▶ [EXERCISE DETAILS] Type out each entry exactly as it appears, but keep every image out.

▶ [RECORD EXTRACTS]
━━━━━━━━━━━━━━━━━━━━

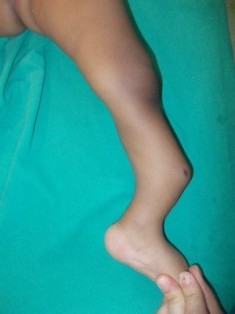 Best Pseudoathrosis of Tibia Treatment in Pune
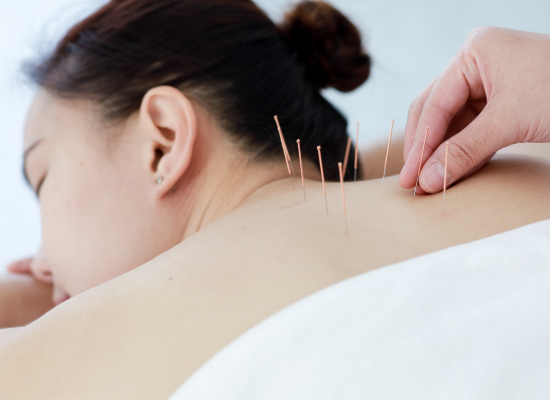 acupuncture-in-edmonton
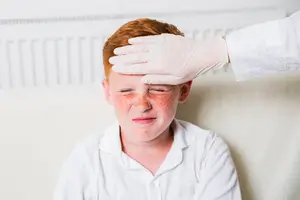 ما هي أعراض الجدري المائي عند الأطفال؟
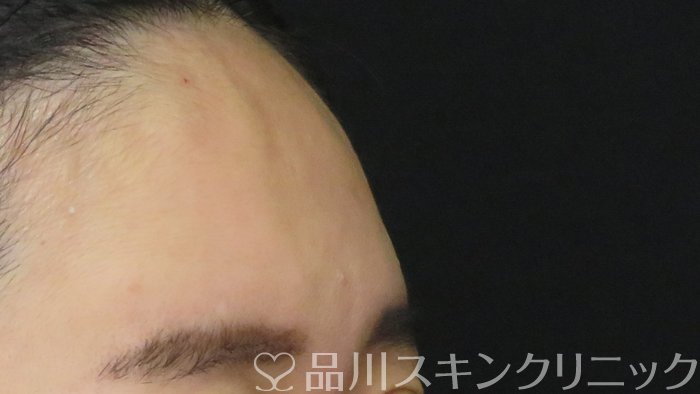 症例NO.72293のAFTER写真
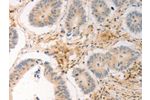 The image on the left is immunohistochemistry of paraffin-embedded Human colon cancer tissue using CSB-PA987235(AVPR2 Antibody) at dilution 1/30, on the right is treated with synthetic peptide. (Original magnification: 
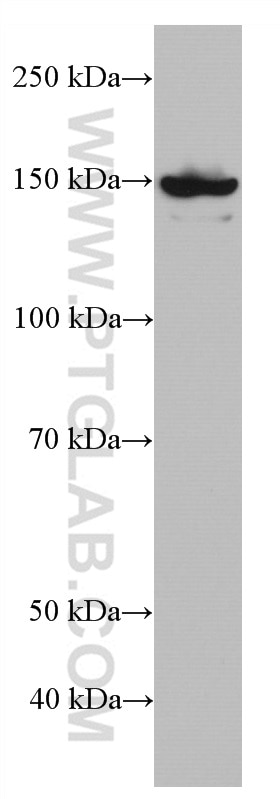 Western Blot (WB) analysis of C6 cells using GLI1 Monoclonal antibody (66905-1-Ig)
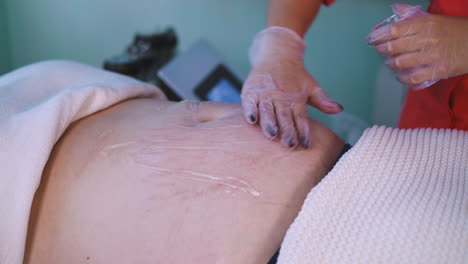 la esteticista aplica gel en el vientre de la mujer con sobrepeso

━━━━━━━━━━━━━━━━━━━━

▶ [EXPECTED ANSWER]
 Best Pseudoathrosis of Tibia Treatment in Pune
 acupuncture-in-edmonton
 ما هي أعراض الجدري المائي عند الأطفال؟
 症例NO.72293のAFTER写真
 The image on the left is immunohistochemistry of paraffin-embedded Human colon cancer tissue using CSB-PA987235(AVPR2 Antibody) at dilution 1/30, on the right is treated with synthetic peptide. (Original magnification: 
 Western Blot (WB) analysis of C6 cells using GLI1 Monoclonal antibody (66905-1-Ig)
 la esteticista aplica gel en el vientre de la mujer con sobrepeso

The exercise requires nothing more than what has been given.